» **HOW TO COMPLETE THIS TASK**: A word-for-word copy of the records below is needed, without the images.
-------------------------
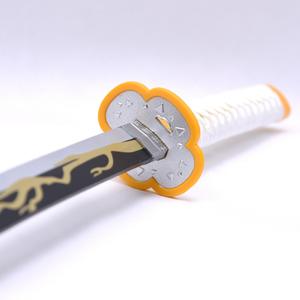 In magazzino a bassa tariffa vendite veloci Anime In legno spada demone uccisore Agatsuma Zenitsu Cosplay spada - Product Image 6
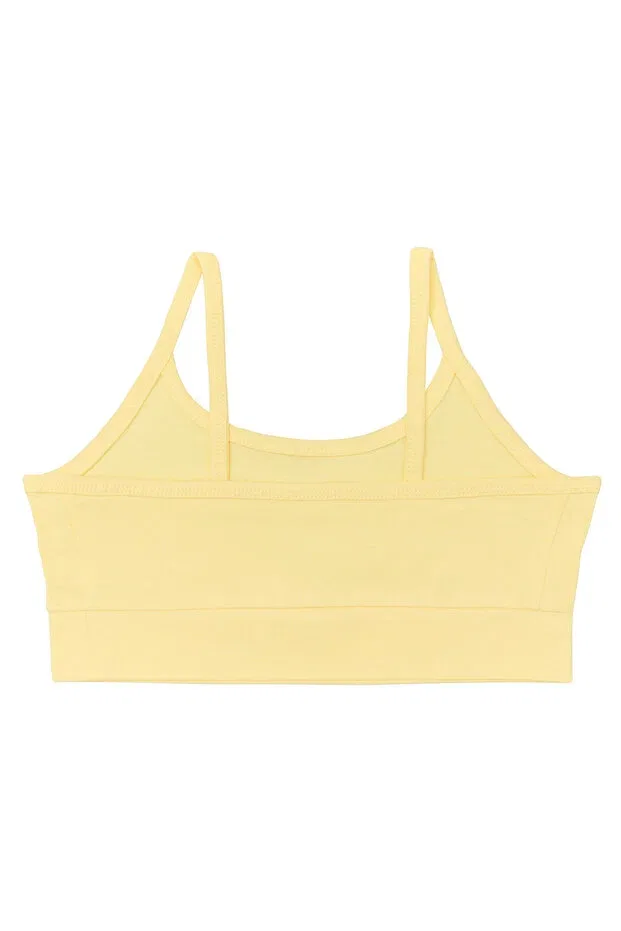 Детское бюстье для девочек хлопковое Gots certified organic cotton girls bustier - sports cut, stretchy band, vegan Albero Natur, Doors — фото 3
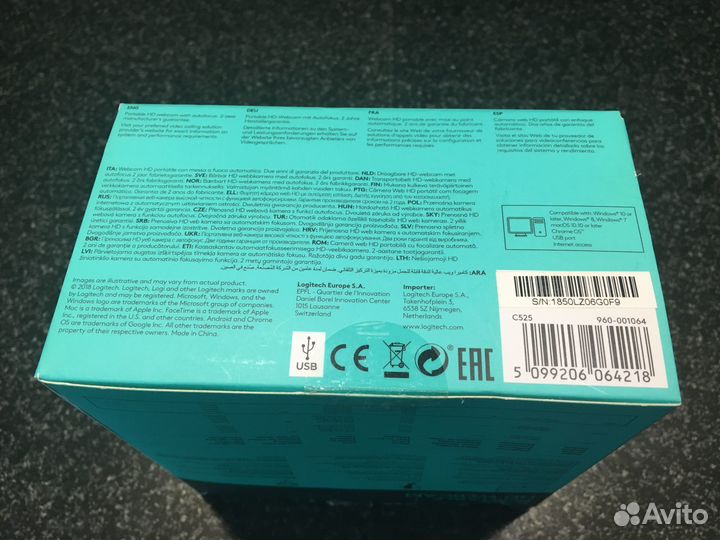 Веб-камера Logitech HD Webcam C525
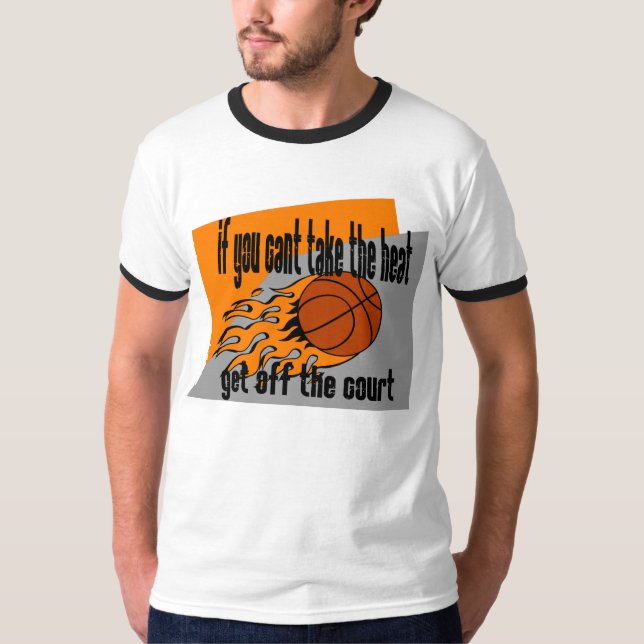 Ta värma - basket t shirt (Framsida)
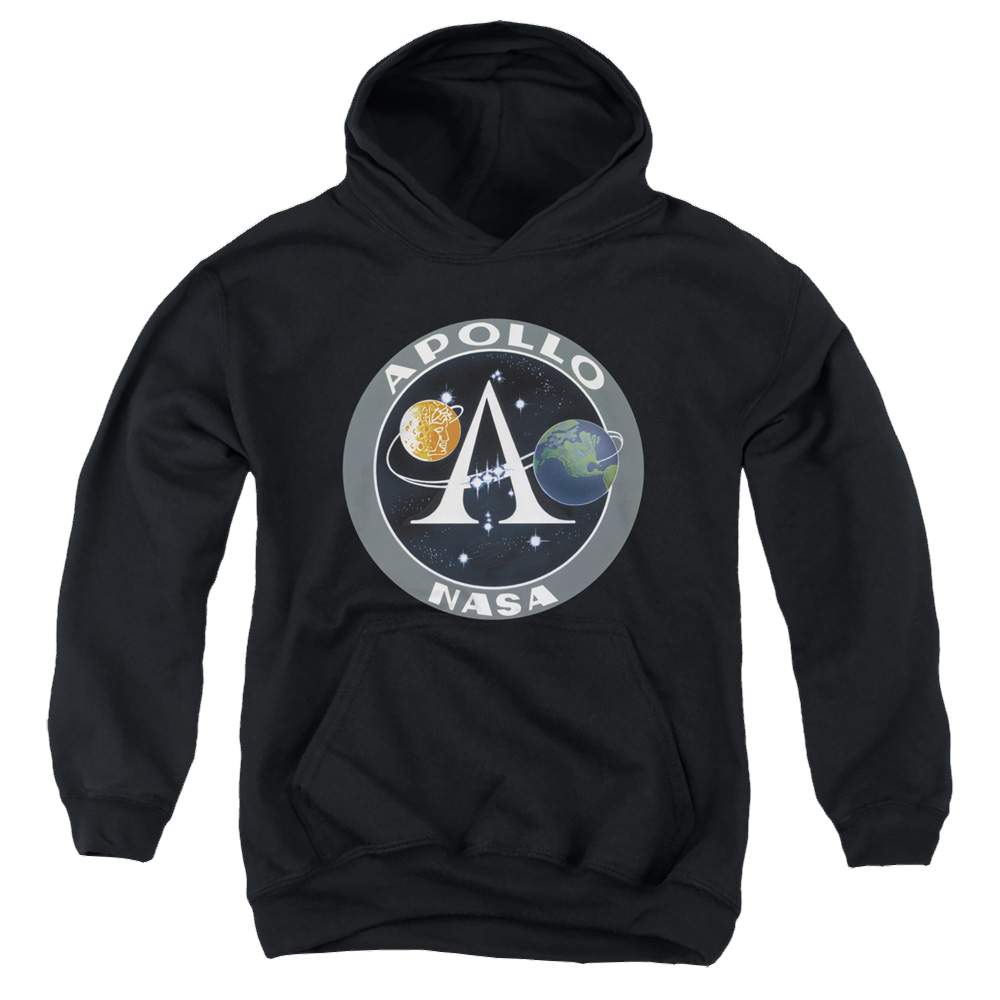 Nasa Apollo Mission Patch - Youth Hoodie Youth Hoodie (Ages 8-12) NASA   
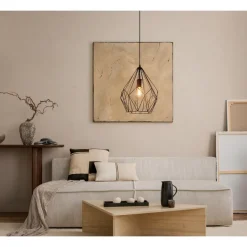Eglo CARLTON hanglamp staal zwart H: 1100 mm | Ø 310 mm Clearance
-------------------------
» **SOLUTION TO THIS TASK**:
 In magazzino a bassa tariffa vendite veloci Anime In legno spada demone uccisore Agatsuma Zenitsu Cosplay spada - Product Image 6
 Детское бюстье для девочек хлопковое Gots certified organic cotton girls bustier - sports cut, stretchy band, vegan Albero Natur, Doors — фото 3
 Веб-камера Logitech HD Webcam C525
 Ta värma - basket t shirt (Framsida)
 Nasa Apollo Mission Patch - Youth Hoodie Youth Hoodie (Ages 8-12) NASA   
Eglo CARLTON hanglamp staal zwart H: 1100 mm | Ø 310 mm Clearance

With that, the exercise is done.